Dan barangsiapa yang tidak masuk pada mereka (pemimpin/penguasa dusta) itu, dan tidak membenarkan kebohongan mereka, dan (juga) tidak mendukung KEZALIMAN (KETIDAK ADILAN) mereka, maka dia adalah bagian dari golonganku, dan aku dari golongannya, dan ia akan mendatangi telagaku (di hari kiamat).” (HR. Ahmad dan An-Nasa’i)
Pengertian ZALIM (Arab: ظلم, Dzholim) adalah meletakkan sesuatu (perkara) bukan pada tempatnya.
Lawan kata ZALIM adalah ADIL yakni meletakkan sesuatu (perkara) pada tempatnya, proporsional, berada ditengah-tengah, tidak berat sebelah, jujur, memberikan atau menerima sesuatu sesuai haknya.

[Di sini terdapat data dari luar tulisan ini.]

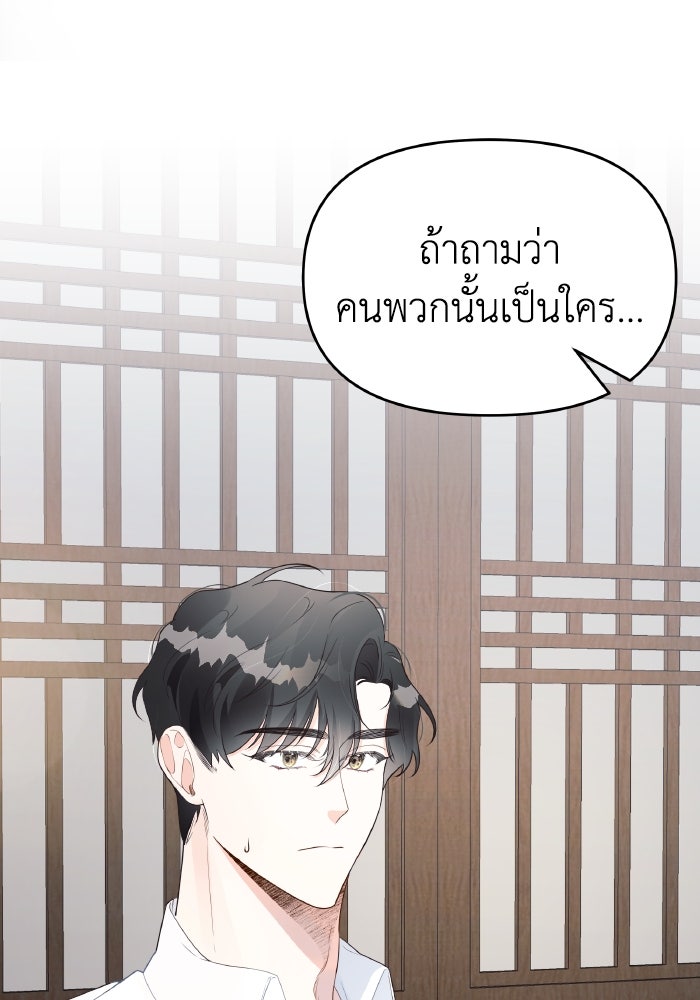ใครกันนะที่ฉันนอนด้วย? - หน้า 76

Contohnya menghargai yang baik maupun menghukum yang jahat sesuai haknya, menghukum yang jahat sesuai dan kesalahan dan pelanggarannya.
Dengan demikian keadilan berarti bertindak atas dasar kebenaran, bukan mengikuti kehendak hawa nafsu atau kepentingan.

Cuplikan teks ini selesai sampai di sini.